_About this task_. Every record below should be copied exactly, with the pictures left out.

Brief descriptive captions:
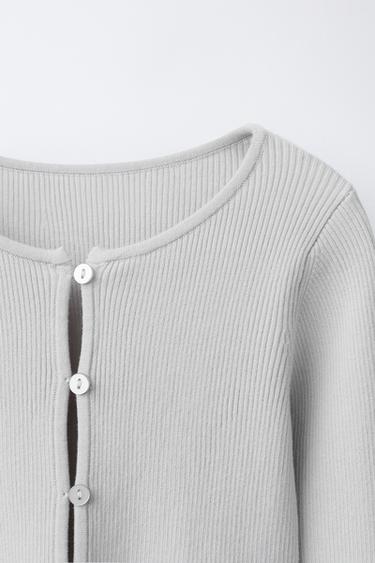 RIBBED KNIT CARDIGAN - Grey marl by Zara - Image 3
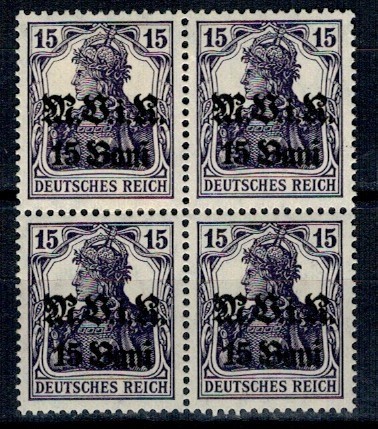 1917 - Ocupatia germana, supratipar, Mi.No.5a bloc de 4 nestampilat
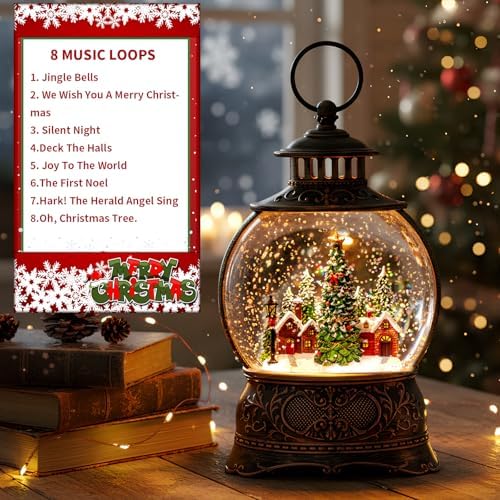 Christmas Village Snow Globe Lighted Christmas Tree and Village Scene, Musical Snow Water Lantern Swirling Glittering Home Decoration and Gift, Battery Operated or USB Powered - Image 4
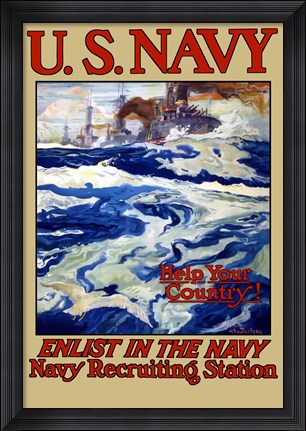 Framed U.S. Navy - Help Your Country! Print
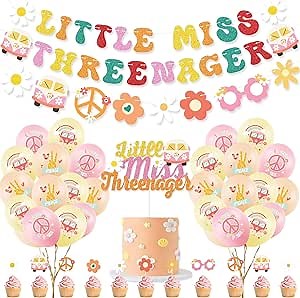 K KUMEED Groovy Birthday Decorations,Hippie Boho Party Decorations Include Little Miss Threenager Banner Cake Toppers Daisy Number 3 Foil Balloon for 3 Year Old Girl Retro Rainbow Party Supplies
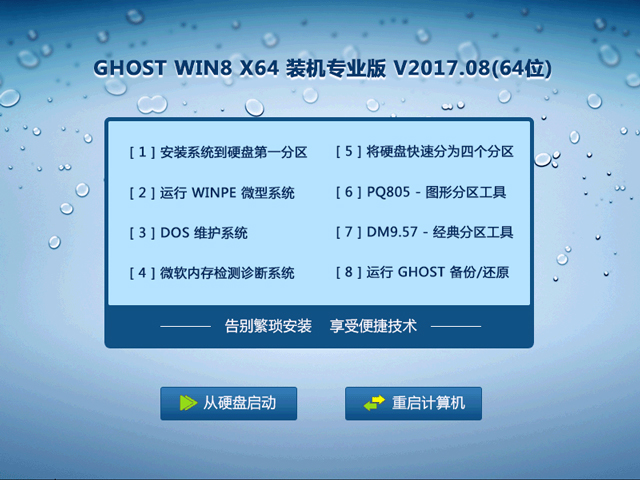 GHOST WIN8 X64 装机专业版 2017年8月(64位)  ISO免费下载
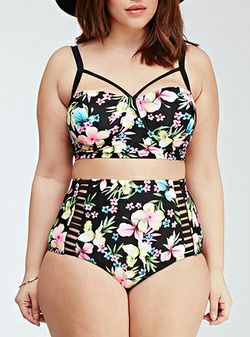 Two Piece Swimsuit - Exotic Floral Pattern / Dual Halter Straps / Padded Top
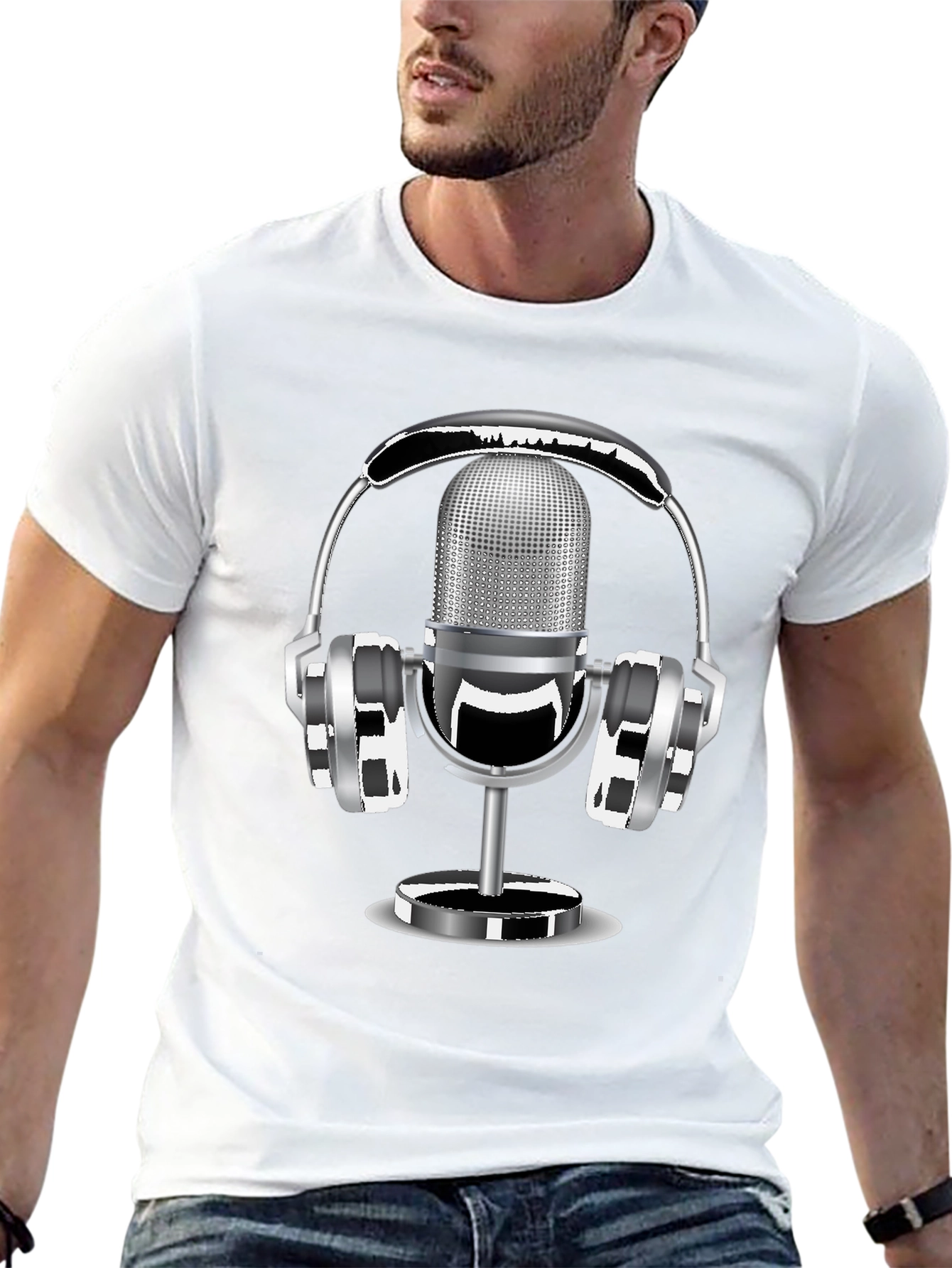 Retro Microphone & Headphones Graphic T-Shirt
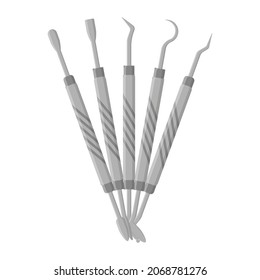 Vector cartoon dental therapy instruments. Dental concept.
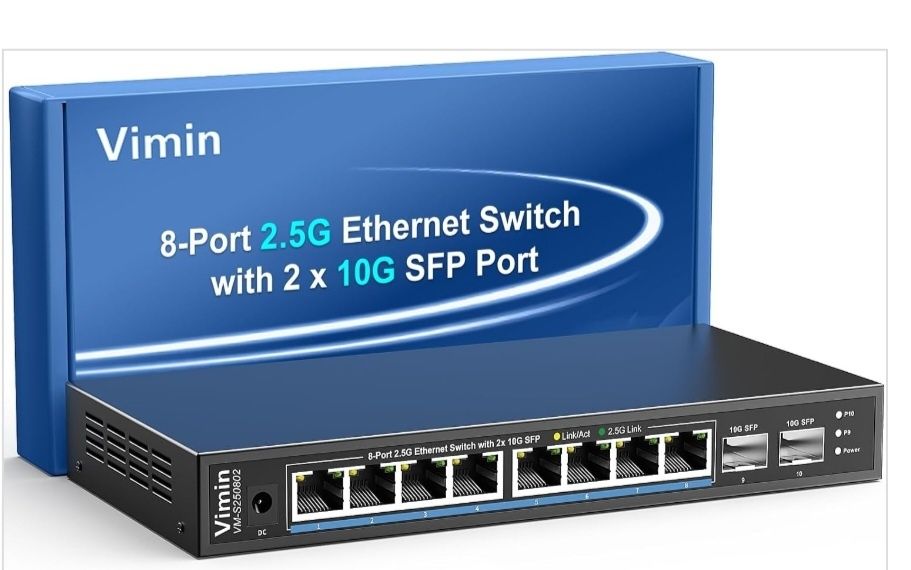 Некерований комутатор Ethernet VIMIN з 10 портами 2.5 ГГц модель VM-S250802 8 портів Ethernet 2,5 Гбит/с + 2 порта SFP 10 Гбит/с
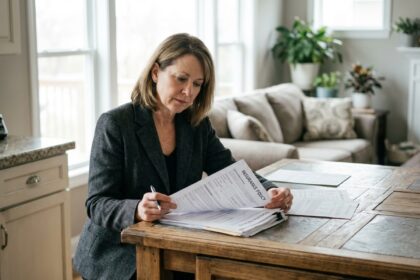 Femme d affaires en réunion dans une cuisine moderne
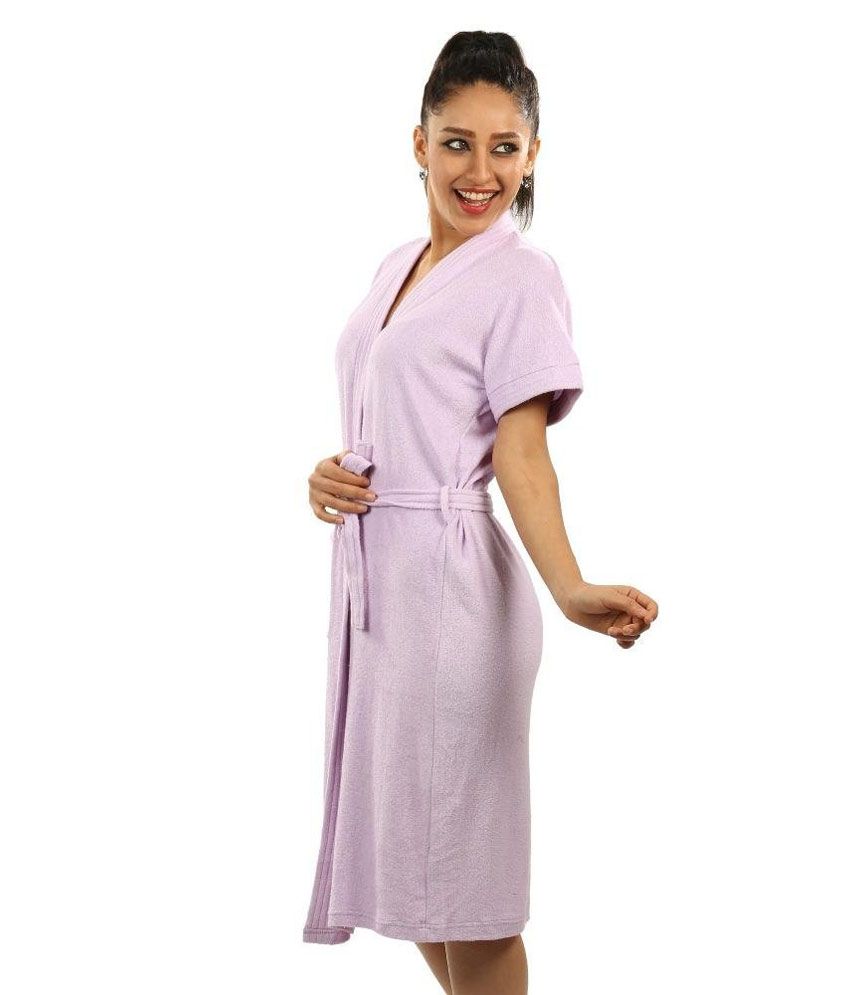 Buy Superior Terry Towel Bathrobe Lavender Online at Best Prices in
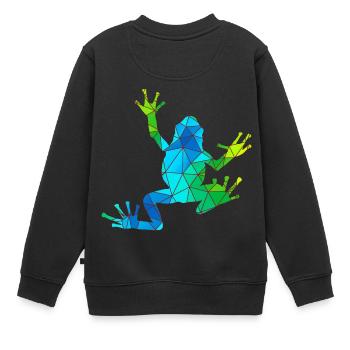 Frosch - Kinder Premium Organic Sweatshirt - Schwarz - Hinten - AI Model Kid Female (0cm)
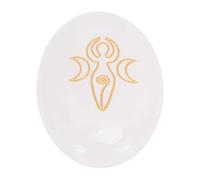 Tnfeeon Pierre Runique en Cristal Gravée, Pierre Précieuse Polie avec Symboles Dorés pour la Méditation, d'inquiétude de Poche pour la Décoration Spirituelle et la Pleine Conscience. (White)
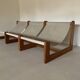 Sling chair in pine, canvas and sheepskin, 1970s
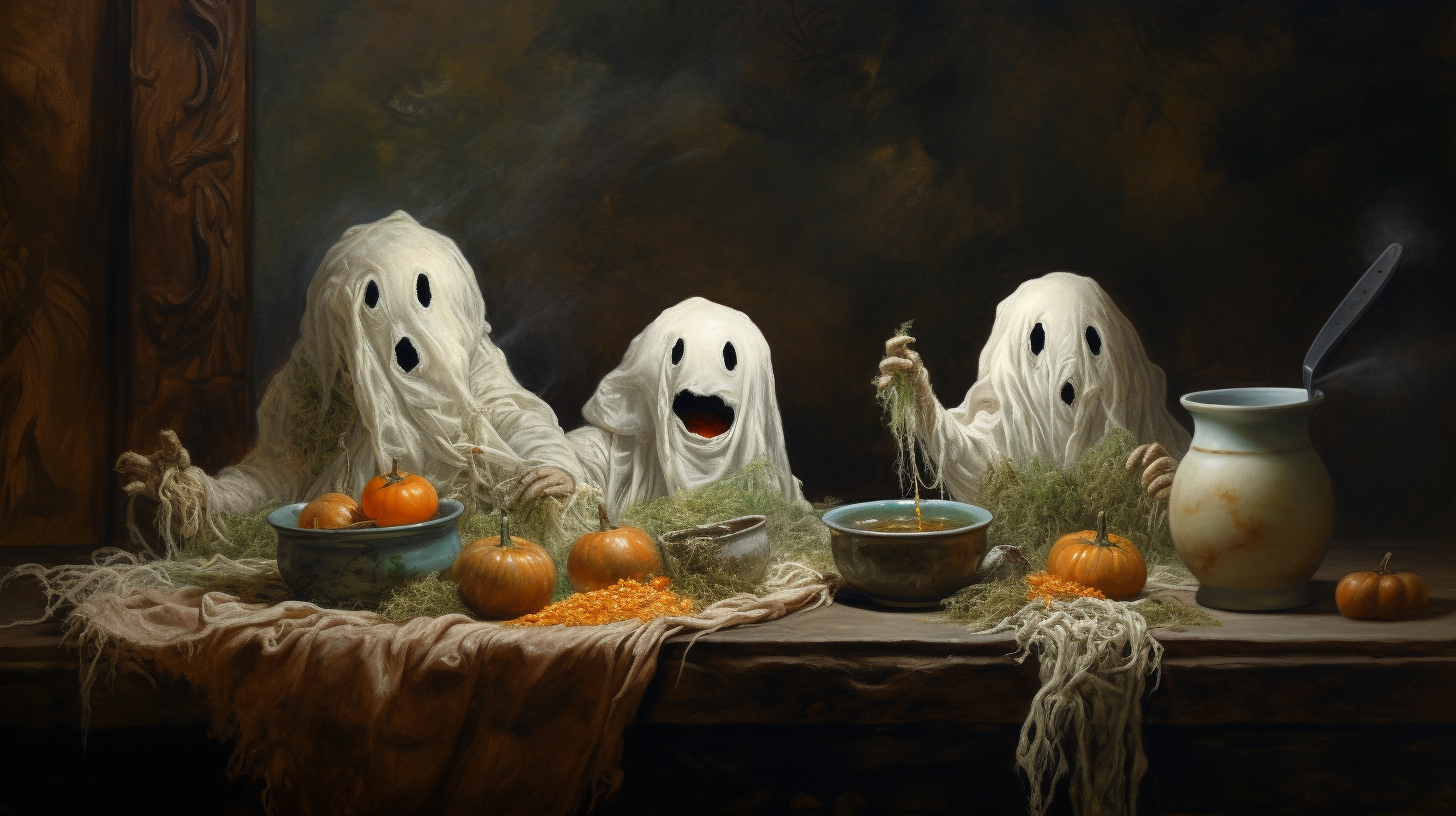 Halloween ghosts enjoying rice and beans feast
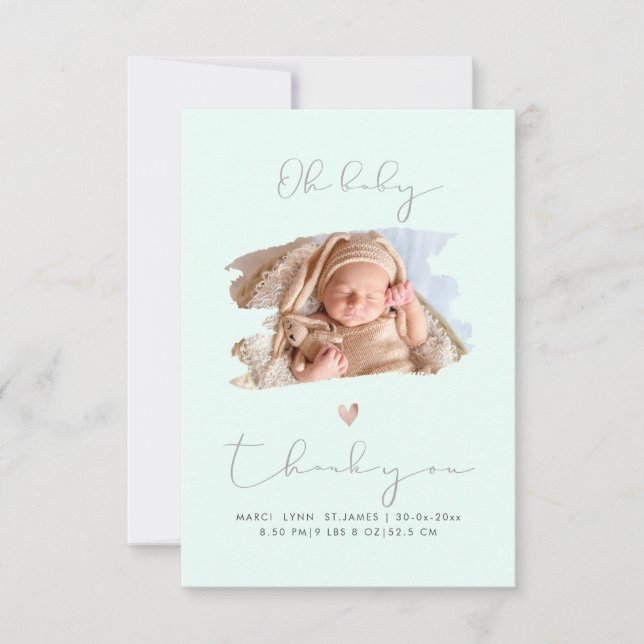 PixDezines Oh Baby Shower Tack DIY Färg Mint (Framsida)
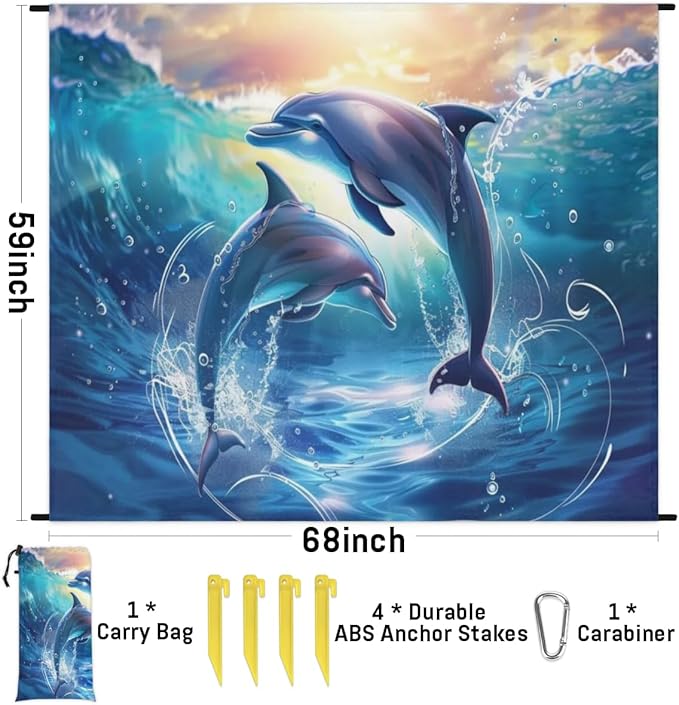 Ocean Dolphins Beach Blanket Waterproof Sandproof Sea Dolphins Extra Large Beach Mat Sand Free Quick Drying Lightweight Durable Outdoor Picnic Blanket for Travel Camping Hiking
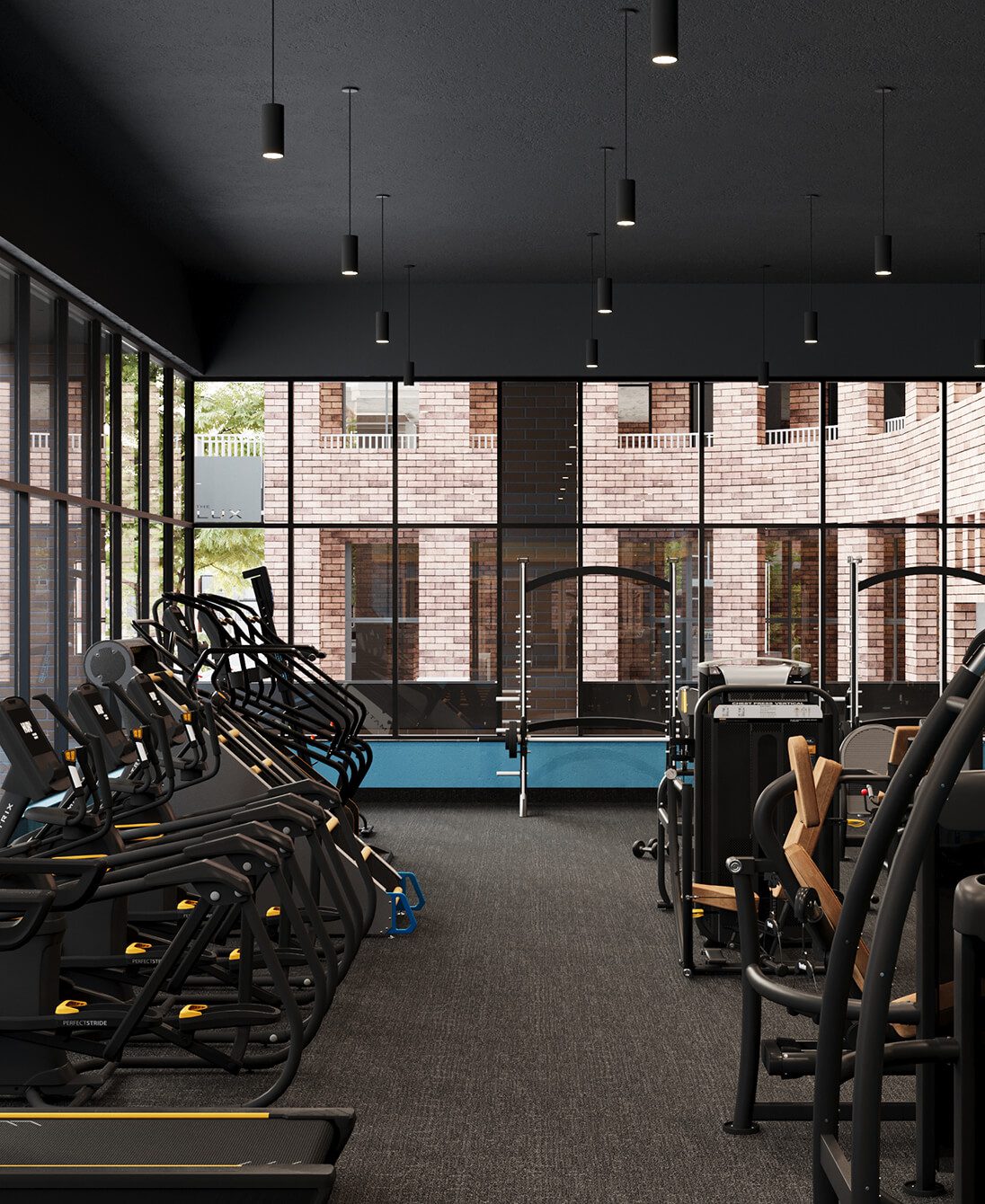 equipped fitness center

_Answer section_.
 RIBBED KNIT CARDIGAN - Grey marl by Zara - Image 3
 1917 - Ocupatia germana, supratipar, Mi.No.5a bloc de 4 nestampilat
 Christmas Village Snow Globe Lighted Christmas Tree and Village Scene, Musical Snow Water Lantern Swirling Glittering Home Decoration and Gift, Battery Operated or USB Powered - Image 4
 Framed U.S. Navy - Help Your Country! Print
 K KUMEED Groovy Birthday Decorations,Hippie Boho Party Decorations Include Little Miss Threenager Banner Cake Toppers Daisy Number 3 Foil Balloon for 3 Year Old Girl Retro Rainbow Party Supplies
 GHOST WIN8 X64 装机专业版 2017年8月(64位)  ISO免费下载
 Two Piece Swimsuit - Exotic Floral Pattern / Dual Halter Straps / Padded Top
 Retro Microphone & Headphones Graphic T-Shirt
 Vector cartoon dental therapy instruments. Dental concept.
 Некерований комутатор Ethernet VIMIN з 10 портами 2.5 ГГц модель VM-S250802 8 портів Ethernet 2,5 Гбит/с + 2 порта SFP 10 Гбит/с
 Femme d affaires en réunion dans une cuisine moderne
 Buy Superior Terry Towel Bathrobe Lavender Online at Best Prices in
 Frosch - Kinder Premium Organic Sweatshirt - Schwarz - Hinten - AI Model Kid Female (0cm)
 Tnfeeon Pierre Runique en Cristal Gravée, Pierre Précieuse Polie avec Symboles Dorés pour la Méditation, d'inquiétude de Poche pour la Décoration Spirituelle et la Pleine Conscience. (White)
 Sling chair in pine, canvas and sheepskin, 1970s
 Halloween ghosts enjoying rice and beans feast
 PixDezines Oh Baby Shower Tack DIY Färg Mint (Framsida)
 Ocean Dolphins Beach Blanket Waterproof Sandproof Sea Dolphins Extra Large Beach Mat Sand Free Quick Drying Lightweight Durable Outdoor Picnic Blanket for Travel Camping Hiking
 equipped fitness center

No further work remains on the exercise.